#### Data shown:
····················
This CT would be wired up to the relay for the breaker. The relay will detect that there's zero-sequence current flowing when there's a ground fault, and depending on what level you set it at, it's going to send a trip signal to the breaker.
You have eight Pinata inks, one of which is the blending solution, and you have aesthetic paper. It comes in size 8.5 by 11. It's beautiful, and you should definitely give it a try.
····················
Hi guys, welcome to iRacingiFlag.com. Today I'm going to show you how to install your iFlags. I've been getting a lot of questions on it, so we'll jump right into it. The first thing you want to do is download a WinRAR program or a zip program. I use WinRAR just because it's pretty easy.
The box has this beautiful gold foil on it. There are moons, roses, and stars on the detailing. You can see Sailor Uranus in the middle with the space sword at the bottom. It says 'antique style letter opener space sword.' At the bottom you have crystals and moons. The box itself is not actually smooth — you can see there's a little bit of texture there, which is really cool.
····················
#### Exercise details:
Set down, unchanged, only those lines above that fall between the line with "This CT would" and the line with "You have eight", the two end lines included.

#### Solution for this problem:
This CT would be wired up to the relay for the breaker. The relay will detect that there's zero-sequence current flowing when there's a ground fault, and depending on what level you set it at, it's going to send a trip signal to the breaker.
You have eight Pinata inks, one of which is the blending solution, and you have aesthetic paper. It comes in size 8.5 by 11. It's beautiful, and you should definitely give it a try.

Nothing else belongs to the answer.